UPDATED: 5/8/14 4:22 pm ET - adds stock rising 2.3%
WILMINGTON, Del. (Bloomberg) -- Ford CEO Alan Mulally, presiding over his final annual meeting, said today he has “no regrets” about his eight years leading the automaker’s turnaround and gave a vote of confidence to his successor.
“I’ll always be very pleased and very proud and no regrets,” Mulally told reporters after the automaker’s annual meeting here. “I have all the confidence in the world that the leadership team, the management system and the strategy is solid. This is a Ford that’s absolutely ready to go soaring and Mark is going to be a fantastic leader.”
Mulally, 68, said last week that he plans to retire on July 1, six months earlier than planned, to make way for his successor, Mark Fields, Ford’s COO, who also attended the meeting.
Mulally, who came to Ford Motor Co. from Boeing Co. in 2006, engineered a turnaround at the automaker by globalizing new models, cutting costs, boosting technology and overhauling the lineup with fuel-efficient vehicles such as the Fiesta subcompact.
Shareholders repeatedly praised Mulally at the meeting, with Arthur Knechtel of Chadds Ford, Pennsylvania, leading a standing ovation and asking Executive Chairman Bill Ford to keep him on in some capacity.
“You have instilled the American spirit back into Ford Motor Co.,” William MacNamara, a shareholder from Westport, Conn., told Mulally.
Mulally declined to say what he plans to do after he retires from Ford, though Bill Ford joked: “Can you imagine him in retirement?”
“I am so excited about looking forward to what the future is going to bring,” Mulally said. “My most important priority is to complete this orderly transition.”
Under Mulally’s stewardship, Ford earned $42.3 billion in the last five years after losing $30.1 billion from 2006 to 2008. Fitch Ratings upgraded Ford’s outlook to positive, from stable, on April 22. Surging sales of Escape SUVs, F-series pickups and Fusion sedans drove up Ford’s U.S. sales 11 percent last year. In China, the world’s largest car market, Ford now outsells Toyota Motor Corp.
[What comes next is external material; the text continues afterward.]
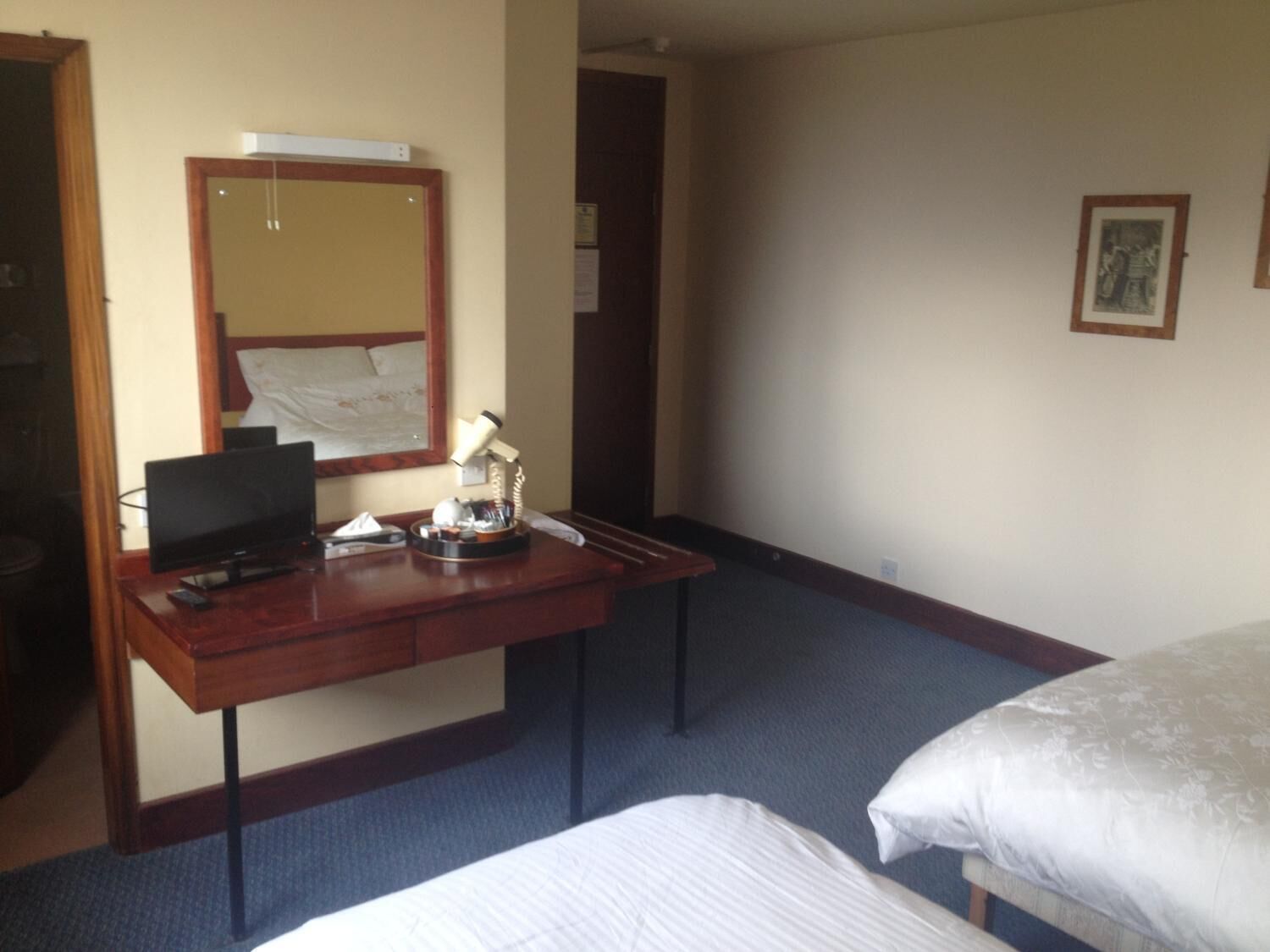 A hotel room with a wooden desk, a flat-screen TV, a lamp, a bed, and a large mirror.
“He’s left them in a very good position,” said Michael Levine, a fund manager at Oppenheimer Funds Inc. in New York, who said Ford is one of the top 10 stocks in the $5.8 billion equity income fund he manages. “Their balance sheet is in great shape. The product lineup continues to be overhauled this year.”
Ford’s prosperity will continue because it will not deviate from the plan Mulally laid out, Bill Ford said.
“Typically what’s happened is the new CEO always feels like they have to chart a new direction, I’ve seen that many, many times and that’s confusing to an organization,” Ford said. “Because Mark has been an architect of the direction that we’re going, there is going to be a continuation and a continuation of the culture.”
Fields, 53, who is also replacing Mulally on Ford’s board, is a 25-year veteran of the automaker. Born in Brooklyn, N.Y., and raised in Paramus, N.J., he became an early acolyte of Mulally’s culture of collaboration and candor, a sharp turn away from the executive infighting that had plagued Ford. Before becoming COO in 2012, he revived Ford’s North America business, which earned a record operating profit of $8.78 billion last year.
“He’s just got to continue to steer the ship in the right direction,” Levine said of Fields. “He should be able to do a very good job there and take over where Alan left off.”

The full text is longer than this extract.